For even-length centers, call:
expand(s, i, i+1)For odd-length centers, call:
expand(s, i, i)Complexity:
Time: O(n^2)
Space: O(1)Counting Palindromic Substrings
Use the same center expansion and count every successful expansion.
func CountPalSubstrings(s string) int {
count := 0
for i := 0; i < len(s); i++ {
count += countFromCenter(s, i, i)
count += countFromCenter(s, i, i+1)
}
return count
}
func countFromCenter(s string, l, r int) int {
count := 0
for l >= 0 && r < len(s) && s[l] == s[r] {
count++
l--
r++
}
return count
}Each successful expansion corresponds to one palindromic substring.
Dynamic Programming
Define:
dp[l][r] = true if s[l:r+1] is a palindromeThen:
dp[l][r] = s[l] == s[r] && (r-l <= 2 || dp[l+1][r-1])Implementation:
func LongestPalindromeDP(s string) string {
n := len(s)
if n == 0 {
return ""
}
dp := make([][]bool, n)
for i := range dp {
dp[i] = make([]bool, n)
}
bestL := 0
bestLen := 1
for length := 1; length <= n; length++ {
for l := 0; l+length <= n; l++ {
r := l + length - 1
if s[l] == s[r] && (length <= 2 || dp[l+1][r-1]) {
dp[l][r] = true
if length > bestLen {
bestL = l
bestLen = length
}
}
}
}
return s[bestL : bestL+bestLen]
}Complexity:
Time: O(n^2)
Space: O(n^2)This method is useful when later queries need to ask whether arbitrary substrings are palindromes.

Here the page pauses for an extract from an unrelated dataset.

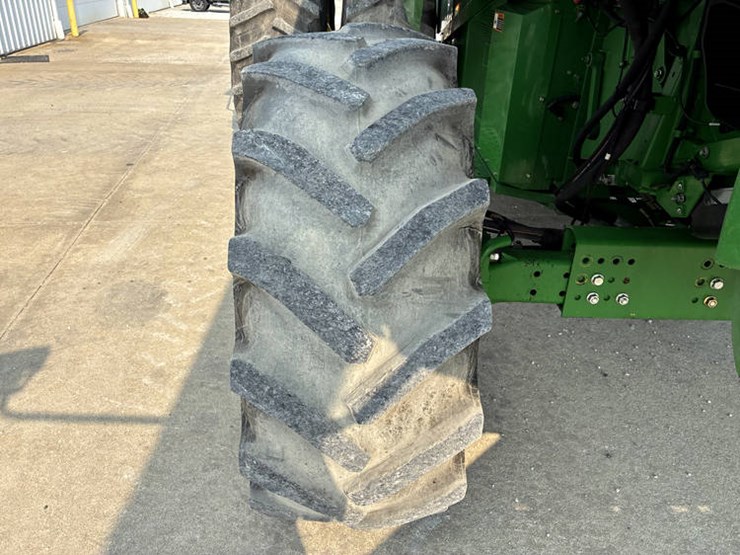 2014-john-deere-s690-image-38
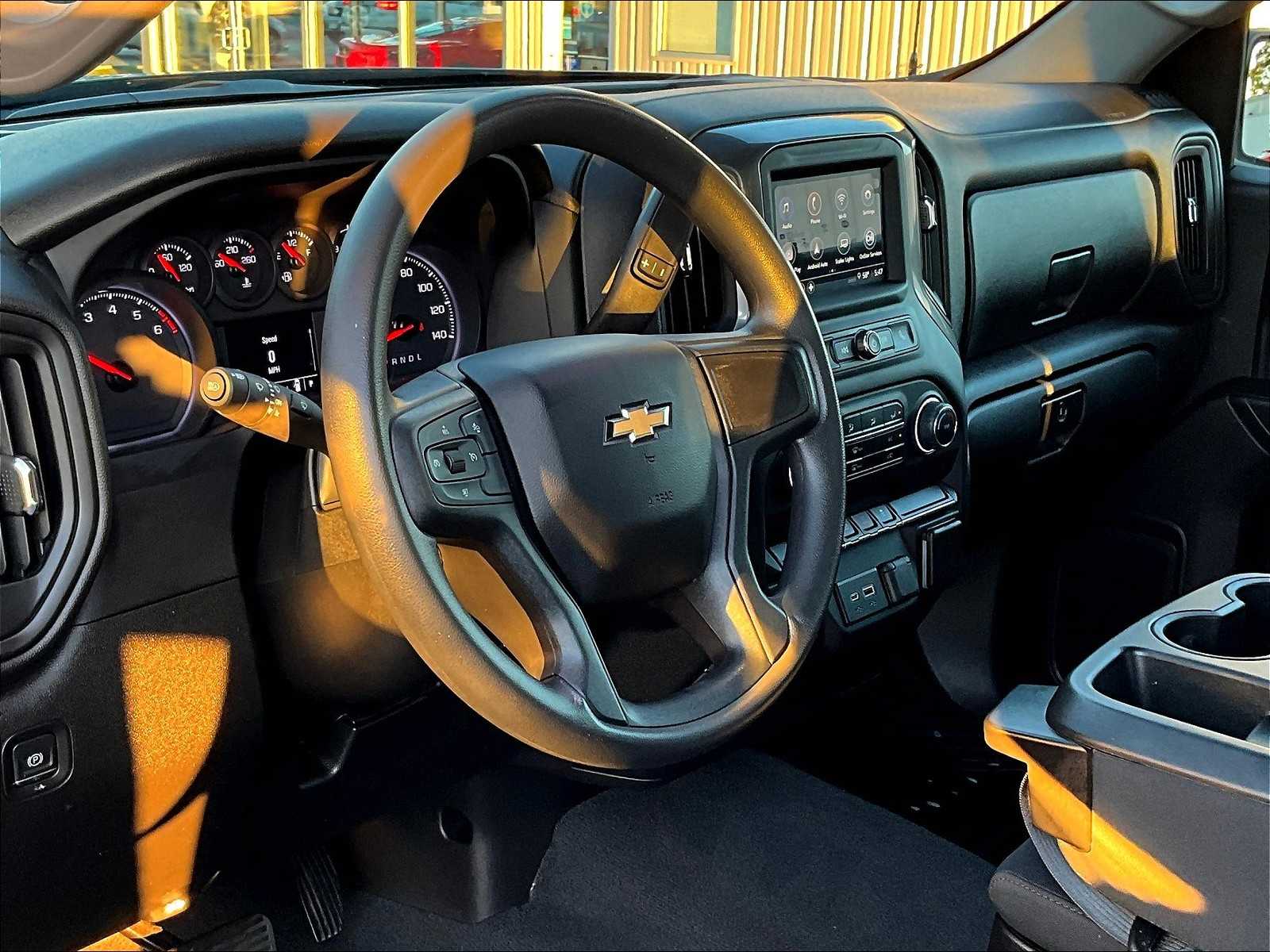 2023 Chevrolet Silverado 1500 Custom - Photo 8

Longest Palindrome in Linear Time
Manacher’s algorithm computes palindrome radii in linear time. It transforms the string so that odd and even palindromes can be handled uniformly.
For most application code, center expansion is simpler and fast enough. Use Manacher’s algorithm when n is large and worst-case quadratic behavior is unacceptable.
Palindrome by Hashing
A substring is a palindrome if its forward hash equals its reverse hash. This supports many palindrome queries after preprocessing.
The method is probabilistic unless a collision-free representation is used. Always use direct verification when exact correctness is required.
Common Pitfalls
The most common off-by-one error is mixing inclusive [l, r] and half-open [l, r) ranges. Keep the convention fixed.
In center expansion, odd centers use (i, i) and even centers use (i, i+1). Reversing these calls misses cases.
Byte-based palindrome logic can break on Unicode text. For Unicode code points, convert to []rune. For human-facing text, normalization and grapheme clusters may be required.
Case-insensitive comparison requires normalization. ASCII lowercasing only handles ASCII letters.
Hash-based palindrome checks can collide. Use them only when the collision model is acceptable or when a final exact comparison is performed.
Takeaway
Palindrome algorithms compare symmetric positions. Use two pointers for a full-string check, center expansion for longest or counted palindromic substrings, dynamic programming for repeated substring queries, and Manacher’s algorithm when linear worst-case time is required.